Steve Cooper worked wonders at Nottingham Forest as Nuno Espirito Santo looks ahead to a massive transfer window

Steve Cooper arrived at the City Ground in September 2021 with all signs pointing to League One rather than a rapid ride to the Premier League.


Nottingham Forest had no realistic right to go up in his first season in charge, in fact they could have gone the way of Derby County under Chris Hughton's stewardship. They probably should have been relegated last season after Cooper was given 30 signings (most needed) in total and tasked with making a team out of a rapidly assembled group, plenty of whom got injured at various points.


Owner Evangelos Marinakis is massively ambitious and willing to give managers huge amounts of players for huge amounts of money, to his credit in the latter case.

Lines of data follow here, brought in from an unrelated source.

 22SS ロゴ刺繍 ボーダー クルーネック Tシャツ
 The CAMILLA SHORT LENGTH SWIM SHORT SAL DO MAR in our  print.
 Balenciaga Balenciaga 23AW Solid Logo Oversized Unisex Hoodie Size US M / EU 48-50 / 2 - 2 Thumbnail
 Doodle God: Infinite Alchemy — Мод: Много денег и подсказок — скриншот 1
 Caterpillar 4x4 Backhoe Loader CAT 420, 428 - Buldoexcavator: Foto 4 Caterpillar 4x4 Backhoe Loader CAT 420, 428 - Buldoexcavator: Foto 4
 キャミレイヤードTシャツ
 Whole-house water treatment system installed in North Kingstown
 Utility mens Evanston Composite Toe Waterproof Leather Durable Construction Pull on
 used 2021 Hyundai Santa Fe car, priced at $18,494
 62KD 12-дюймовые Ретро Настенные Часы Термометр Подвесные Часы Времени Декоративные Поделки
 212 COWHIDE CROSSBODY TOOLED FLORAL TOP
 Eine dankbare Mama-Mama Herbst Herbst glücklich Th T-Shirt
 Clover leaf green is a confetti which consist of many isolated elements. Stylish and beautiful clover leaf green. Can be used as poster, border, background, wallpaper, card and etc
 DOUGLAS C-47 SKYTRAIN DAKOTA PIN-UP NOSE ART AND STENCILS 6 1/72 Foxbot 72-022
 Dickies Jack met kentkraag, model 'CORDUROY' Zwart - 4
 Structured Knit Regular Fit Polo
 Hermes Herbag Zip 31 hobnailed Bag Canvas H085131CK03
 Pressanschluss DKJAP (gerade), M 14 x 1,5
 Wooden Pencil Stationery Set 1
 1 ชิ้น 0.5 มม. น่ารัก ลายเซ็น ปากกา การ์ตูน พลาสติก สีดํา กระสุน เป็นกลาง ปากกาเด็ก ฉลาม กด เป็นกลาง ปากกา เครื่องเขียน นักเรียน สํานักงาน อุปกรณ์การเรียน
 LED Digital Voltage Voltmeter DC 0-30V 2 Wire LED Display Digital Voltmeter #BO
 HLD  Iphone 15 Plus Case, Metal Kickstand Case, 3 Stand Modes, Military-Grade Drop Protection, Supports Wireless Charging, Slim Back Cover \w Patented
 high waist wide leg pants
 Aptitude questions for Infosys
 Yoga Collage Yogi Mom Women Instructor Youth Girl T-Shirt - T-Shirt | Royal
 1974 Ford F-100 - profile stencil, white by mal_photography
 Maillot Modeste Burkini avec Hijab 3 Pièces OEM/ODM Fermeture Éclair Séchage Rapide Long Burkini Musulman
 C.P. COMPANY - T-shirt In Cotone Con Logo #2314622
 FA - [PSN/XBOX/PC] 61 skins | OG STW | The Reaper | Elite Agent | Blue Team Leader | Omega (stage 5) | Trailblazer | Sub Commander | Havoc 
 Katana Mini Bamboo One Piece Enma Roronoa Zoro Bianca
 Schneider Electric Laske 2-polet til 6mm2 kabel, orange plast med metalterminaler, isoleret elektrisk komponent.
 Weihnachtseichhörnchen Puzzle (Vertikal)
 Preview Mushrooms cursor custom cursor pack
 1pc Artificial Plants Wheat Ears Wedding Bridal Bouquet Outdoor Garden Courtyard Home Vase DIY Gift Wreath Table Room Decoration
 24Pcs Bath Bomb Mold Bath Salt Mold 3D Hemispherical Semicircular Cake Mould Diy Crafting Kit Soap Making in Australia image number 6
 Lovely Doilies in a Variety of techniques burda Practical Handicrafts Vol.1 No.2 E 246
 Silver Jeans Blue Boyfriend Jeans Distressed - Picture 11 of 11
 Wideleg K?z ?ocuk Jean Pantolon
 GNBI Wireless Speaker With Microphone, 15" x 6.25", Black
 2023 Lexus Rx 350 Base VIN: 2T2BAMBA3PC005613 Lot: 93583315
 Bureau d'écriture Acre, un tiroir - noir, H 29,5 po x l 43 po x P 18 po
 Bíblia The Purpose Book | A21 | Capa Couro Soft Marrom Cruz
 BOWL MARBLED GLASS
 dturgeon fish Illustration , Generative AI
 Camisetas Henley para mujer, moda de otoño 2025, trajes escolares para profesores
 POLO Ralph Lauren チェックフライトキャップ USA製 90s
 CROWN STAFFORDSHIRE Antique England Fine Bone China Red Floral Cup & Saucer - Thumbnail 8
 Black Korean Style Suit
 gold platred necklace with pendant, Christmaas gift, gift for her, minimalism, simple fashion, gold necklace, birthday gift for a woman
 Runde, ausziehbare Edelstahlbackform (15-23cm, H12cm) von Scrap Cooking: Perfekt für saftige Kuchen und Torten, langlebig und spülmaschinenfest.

That ambition was a blessing and a curse though perhaps in Cooper's eyes.




Forest have tried to climb three rungs on the Premier League ladder this summer with the aim of leapfrogging clubs such as Fulham, Brentford and Crystal Palace, who will have one eye on what Cooper wants to do next no doubt. Now it might be time to steady the ship under a new captain.


Cooper has made mistakes as any young coach will. Team selections have occasionally looked knee jerk and his in game management has left him open to reasonable questions along the lines of 'what the hell was that' from the owner.


A catastrophic collapse to draw with Luton was inspired by three strange subs from Cooper and that was the beginning of the end. The 5-0 defeat to Fulham effectively sealed the deal when Markinakis was found to have thrown away his pass in a bush near Craven Cottage. Cooper's position was probably untenable by that point, even if he got two more games where he turned to trusted if more limited lieutenants.


It is now one win in 13 and Forest might well end the season grateful for the weaknesses of the three promoted teams, although they will hope for a January resurgence if Marinakis opens the cheque book again, which looks likely given his track record and the desperate need for a striker capable of covering Taiwo Awoniyi.


That is the future and we should all look to it now, but you cannot help look to the past and promotion at Wembley after finally ending the play-offs curse in a penalty shootout against Sheffield United.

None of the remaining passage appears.